Try it. Given the entries that follow, write out exactly the lines starting at the one containing "Mother of Pearl" and ending at the one containing "100% Linen Button", both ends included, and only those.

Records drawn from a dataset.
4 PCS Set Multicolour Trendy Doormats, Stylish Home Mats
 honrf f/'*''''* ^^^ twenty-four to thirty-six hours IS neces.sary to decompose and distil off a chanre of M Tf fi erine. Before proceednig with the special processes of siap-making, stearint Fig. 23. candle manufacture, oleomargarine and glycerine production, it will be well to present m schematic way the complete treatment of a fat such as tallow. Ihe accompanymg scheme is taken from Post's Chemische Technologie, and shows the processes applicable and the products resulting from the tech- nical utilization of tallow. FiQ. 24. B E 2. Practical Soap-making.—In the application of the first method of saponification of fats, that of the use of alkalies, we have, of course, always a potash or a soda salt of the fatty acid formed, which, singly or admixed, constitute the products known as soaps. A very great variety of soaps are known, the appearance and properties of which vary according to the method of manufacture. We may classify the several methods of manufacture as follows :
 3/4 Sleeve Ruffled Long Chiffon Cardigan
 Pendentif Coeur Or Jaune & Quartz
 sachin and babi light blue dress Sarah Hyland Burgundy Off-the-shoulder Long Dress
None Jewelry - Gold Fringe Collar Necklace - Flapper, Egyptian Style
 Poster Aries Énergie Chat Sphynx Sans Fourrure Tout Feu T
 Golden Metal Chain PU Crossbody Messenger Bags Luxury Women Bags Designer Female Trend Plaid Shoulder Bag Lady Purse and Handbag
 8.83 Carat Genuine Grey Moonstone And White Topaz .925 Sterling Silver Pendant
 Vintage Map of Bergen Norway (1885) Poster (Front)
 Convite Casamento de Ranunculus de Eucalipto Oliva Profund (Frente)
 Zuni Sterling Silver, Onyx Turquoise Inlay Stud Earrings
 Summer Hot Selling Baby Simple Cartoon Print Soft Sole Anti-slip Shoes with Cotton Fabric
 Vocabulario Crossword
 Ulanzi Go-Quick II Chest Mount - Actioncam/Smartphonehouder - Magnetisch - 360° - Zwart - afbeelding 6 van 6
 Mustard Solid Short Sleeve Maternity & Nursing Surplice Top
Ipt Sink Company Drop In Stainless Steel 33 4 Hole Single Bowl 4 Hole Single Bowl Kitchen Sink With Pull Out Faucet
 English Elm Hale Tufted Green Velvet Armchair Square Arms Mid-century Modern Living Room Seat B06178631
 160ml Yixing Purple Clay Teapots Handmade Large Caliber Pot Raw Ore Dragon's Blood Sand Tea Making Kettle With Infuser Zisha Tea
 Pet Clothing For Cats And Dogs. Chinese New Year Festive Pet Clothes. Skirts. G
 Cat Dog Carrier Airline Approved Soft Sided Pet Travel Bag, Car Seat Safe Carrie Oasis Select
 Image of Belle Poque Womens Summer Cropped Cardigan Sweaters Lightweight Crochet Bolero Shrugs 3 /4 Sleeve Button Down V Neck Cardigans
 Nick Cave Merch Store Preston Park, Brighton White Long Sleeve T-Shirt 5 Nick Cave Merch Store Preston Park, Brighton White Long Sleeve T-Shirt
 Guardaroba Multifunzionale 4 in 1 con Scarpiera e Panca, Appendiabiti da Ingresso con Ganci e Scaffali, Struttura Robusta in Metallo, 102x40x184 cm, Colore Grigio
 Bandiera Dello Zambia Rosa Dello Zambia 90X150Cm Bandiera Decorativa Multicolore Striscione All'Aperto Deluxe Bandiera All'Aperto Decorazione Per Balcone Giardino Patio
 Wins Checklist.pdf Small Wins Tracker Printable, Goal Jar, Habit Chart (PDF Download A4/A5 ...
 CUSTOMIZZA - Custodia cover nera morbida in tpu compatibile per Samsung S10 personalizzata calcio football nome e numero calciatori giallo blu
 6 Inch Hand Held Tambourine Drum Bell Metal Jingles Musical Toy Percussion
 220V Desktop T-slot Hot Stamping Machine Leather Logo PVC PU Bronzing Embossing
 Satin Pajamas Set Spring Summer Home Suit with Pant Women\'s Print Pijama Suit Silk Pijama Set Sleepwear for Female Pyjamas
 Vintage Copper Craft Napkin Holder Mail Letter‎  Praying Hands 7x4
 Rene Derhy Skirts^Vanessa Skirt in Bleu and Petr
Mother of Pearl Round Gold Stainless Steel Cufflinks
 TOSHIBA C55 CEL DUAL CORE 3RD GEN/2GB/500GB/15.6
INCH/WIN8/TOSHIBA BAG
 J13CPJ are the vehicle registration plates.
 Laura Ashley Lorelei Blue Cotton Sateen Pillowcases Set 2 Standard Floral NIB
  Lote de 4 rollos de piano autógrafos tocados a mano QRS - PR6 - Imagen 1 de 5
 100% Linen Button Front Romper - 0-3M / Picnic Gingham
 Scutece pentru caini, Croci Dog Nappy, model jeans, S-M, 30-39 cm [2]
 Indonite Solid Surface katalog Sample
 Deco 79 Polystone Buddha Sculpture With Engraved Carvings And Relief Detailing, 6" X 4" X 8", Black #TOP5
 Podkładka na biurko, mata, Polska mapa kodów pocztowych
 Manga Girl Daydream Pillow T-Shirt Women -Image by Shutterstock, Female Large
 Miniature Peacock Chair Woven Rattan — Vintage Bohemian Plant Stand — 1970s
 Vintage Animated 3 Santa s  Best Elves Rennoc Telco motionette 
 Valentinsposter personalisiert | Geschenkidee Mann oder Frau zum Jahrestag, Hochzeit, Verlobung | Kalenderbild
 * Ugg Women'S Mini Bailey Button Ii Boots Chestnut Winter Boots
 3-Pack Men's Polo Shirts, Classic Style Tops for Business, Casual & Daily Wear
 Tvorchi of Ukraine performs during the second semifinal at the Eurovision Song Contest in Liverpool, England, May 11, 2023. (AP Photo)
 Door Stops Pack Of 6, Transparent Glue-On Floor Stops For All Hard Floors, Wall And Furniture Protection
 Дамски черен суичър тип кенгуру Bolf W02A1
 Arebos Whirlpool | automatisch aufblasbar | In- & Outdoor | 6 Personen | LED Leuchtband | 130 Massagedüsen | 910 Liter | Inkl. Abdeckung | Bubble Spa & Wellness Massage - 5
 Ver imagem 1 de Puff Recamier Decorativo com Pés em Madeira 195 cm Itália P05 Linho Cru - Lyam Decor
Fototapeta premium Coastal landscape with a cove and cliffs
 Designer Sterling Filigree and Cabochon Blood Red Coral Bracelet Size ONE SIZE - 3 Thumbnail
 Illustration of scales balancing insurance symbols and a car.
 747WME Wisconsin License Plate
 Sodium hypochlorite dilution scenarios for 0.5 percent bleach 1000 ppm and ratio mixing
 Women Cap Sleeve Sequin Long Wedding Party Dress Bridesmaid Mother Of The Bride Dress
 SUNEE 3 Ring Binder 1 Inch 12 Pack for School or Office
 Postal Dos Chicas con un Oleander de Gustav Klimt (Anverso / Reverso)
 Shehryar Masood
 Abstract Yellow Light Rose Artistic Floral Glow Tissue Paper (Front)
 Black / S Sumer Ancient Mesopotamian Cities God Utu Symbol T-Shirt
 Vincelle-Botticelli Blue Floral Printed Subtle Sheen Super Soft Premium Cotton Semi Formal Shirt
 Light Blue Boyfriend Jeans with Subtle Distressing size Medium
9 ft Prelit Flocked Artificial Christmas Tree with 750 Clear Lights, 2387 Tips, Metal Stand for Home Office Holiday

Exercise solution.
Mother of Pearl Round Gold Stainless Steel Cufflinks
 TOSHIBA C55 CEL DUAL CORE 3RD GEN/2GB/500GB/15.6
INCH/WIN8/TOSHIBA BAG
 J13CPJ are the vehicle registration plates.
 Laura Ashley Lorelei Blue Cotton Sateen Pillowcases Set 2 Standard Floral NIB
  Lote de 4 rollos de piano autógrafos tocados a mano QRS - PR6 - Imagen 1 de 5
 100% Linen Button Front Romper - 0-3M / Picnic Gingham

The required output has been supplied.